**Excerpted records:**
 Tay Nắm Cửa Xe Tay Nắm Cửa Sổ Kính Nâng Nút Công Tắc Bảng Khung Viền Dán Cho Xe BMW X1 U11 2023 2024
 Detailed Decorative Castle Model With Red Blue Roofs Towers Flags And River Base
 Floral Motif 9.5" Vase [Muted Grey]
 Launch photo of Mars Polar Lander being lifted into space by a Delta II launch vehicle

==

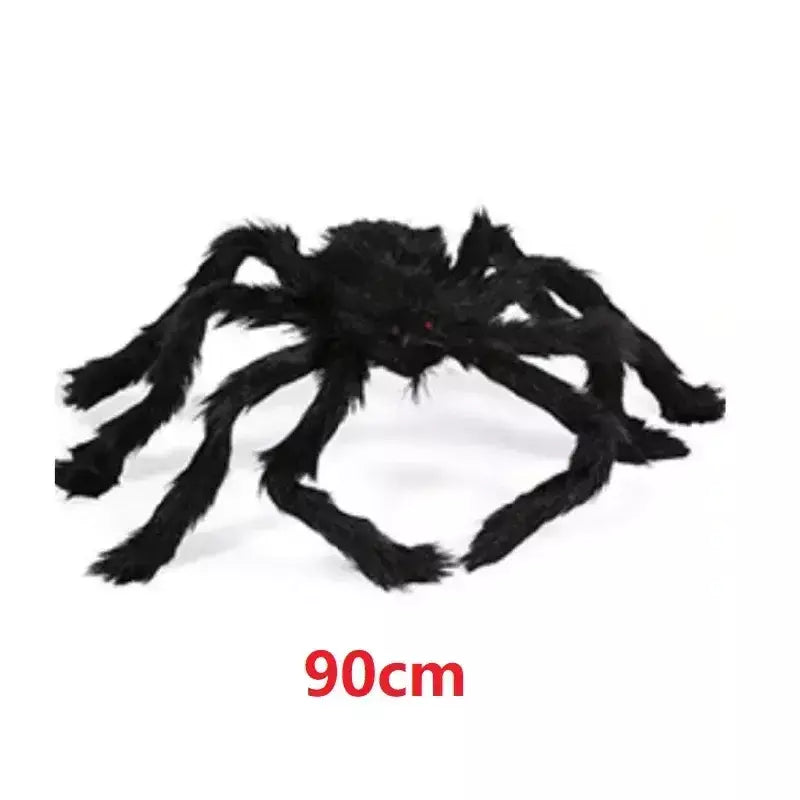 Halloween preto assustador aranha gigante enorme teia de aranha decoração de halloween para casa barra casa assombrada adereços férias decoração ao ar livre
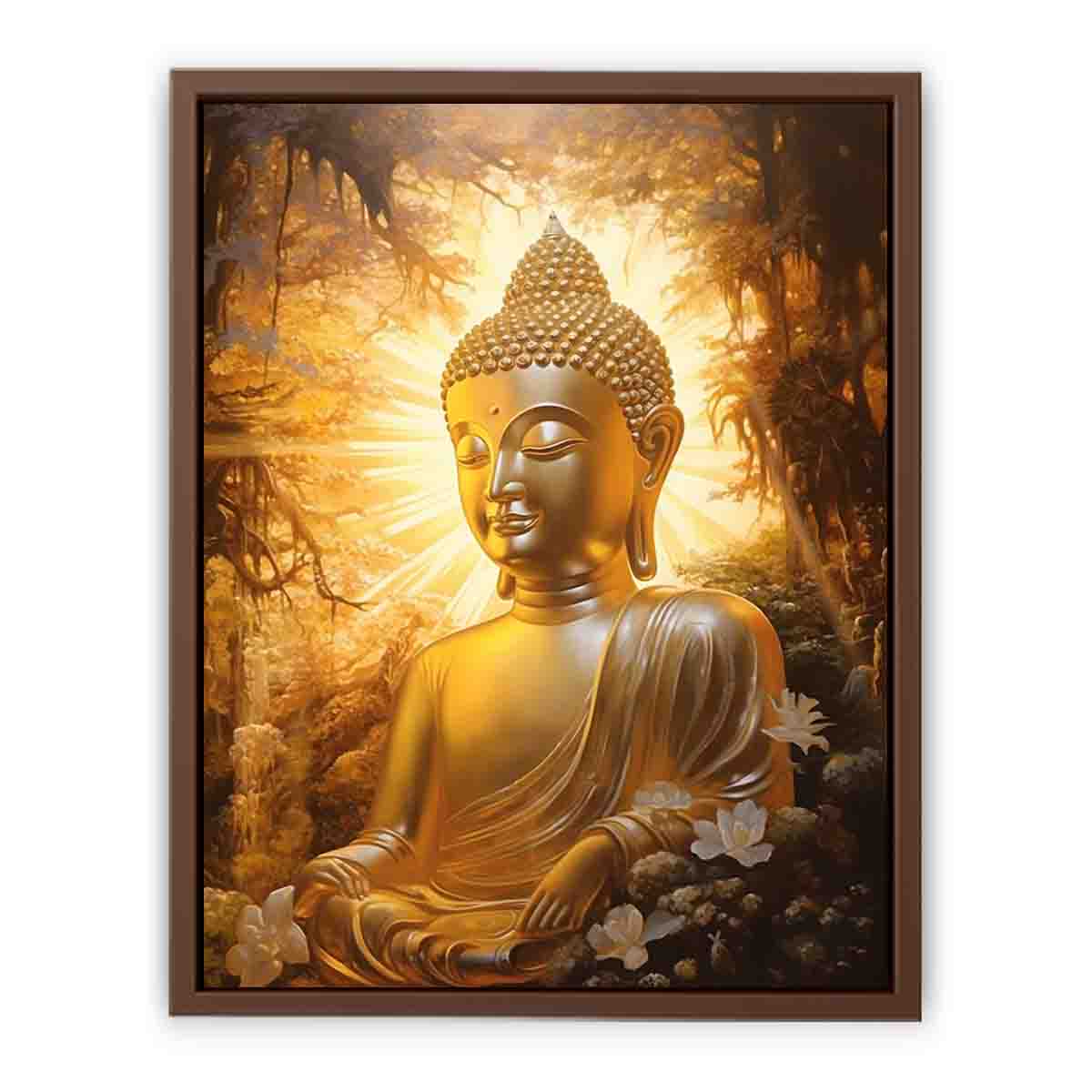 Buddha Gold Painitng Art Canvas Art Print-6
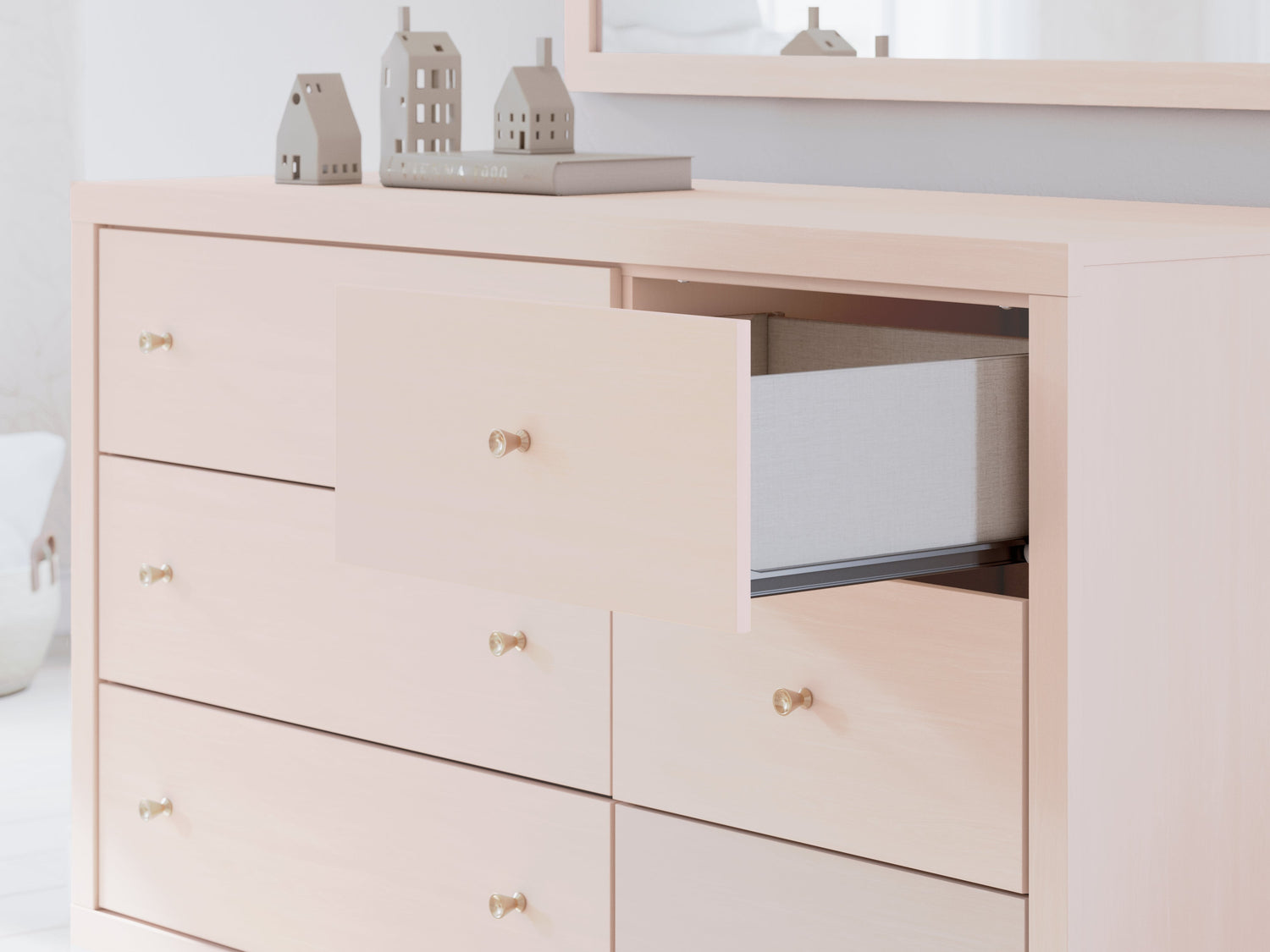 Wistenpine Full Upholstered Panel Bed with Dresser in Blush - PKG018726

==

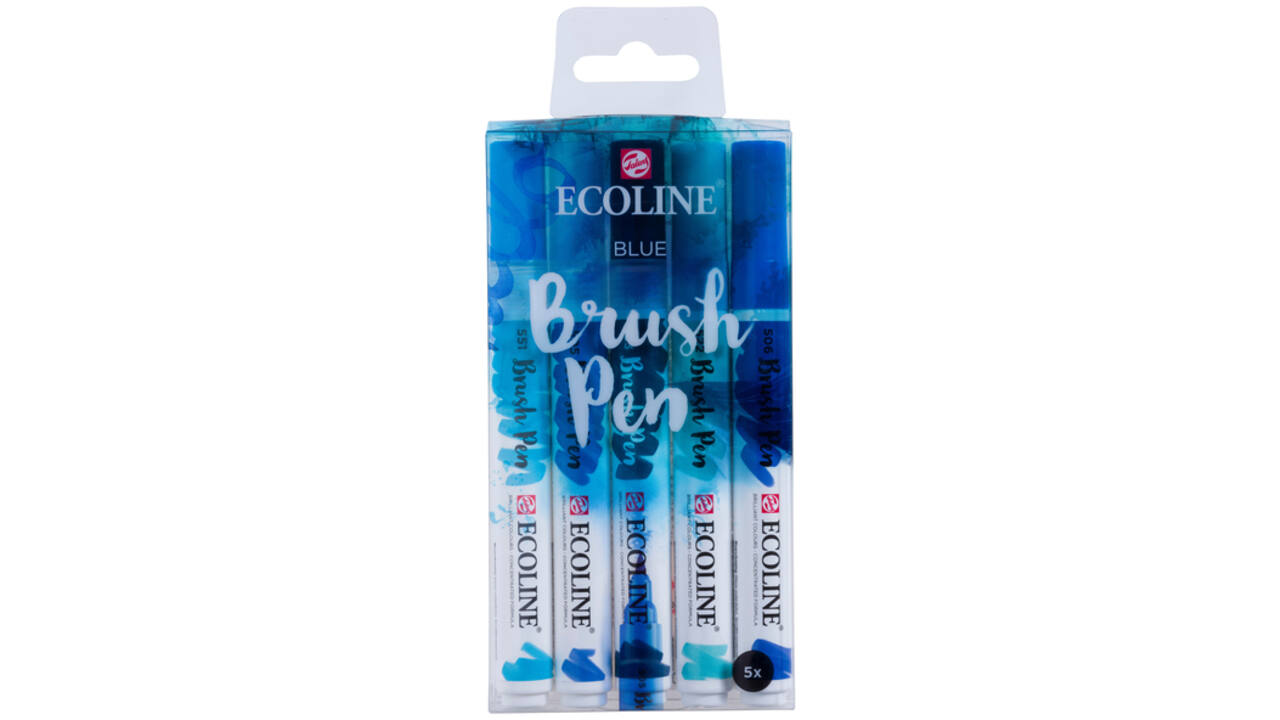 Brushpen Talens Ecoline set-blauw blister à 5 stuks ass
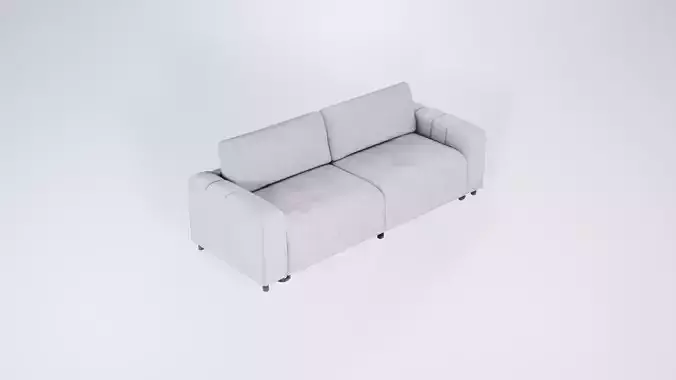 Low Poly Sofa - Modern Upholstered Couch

**Problem description:** Reproduce verbatim only the segment of the listing bounded by the line containing "Tay Nắm Cửa Xe" and the line containing "Launch photo of", with both boundary lines included.

**Written solution:**
 Tay Nắm Cửa Xe Tay Nắm Cửa Sổ Kính Nâng Nút Công Tắc Bảng Khung Viền Dán Cho Xe BMW X1 U11 2023 2024
 Detailed Decorative Castle Model With Red Blue Roofs Towers Flags And River Base
 Floral Motif 9.5" Vase [Muted Grey]
 Launch photo of Mars Polar Lander being lifted into space by a Delta II launch vehicle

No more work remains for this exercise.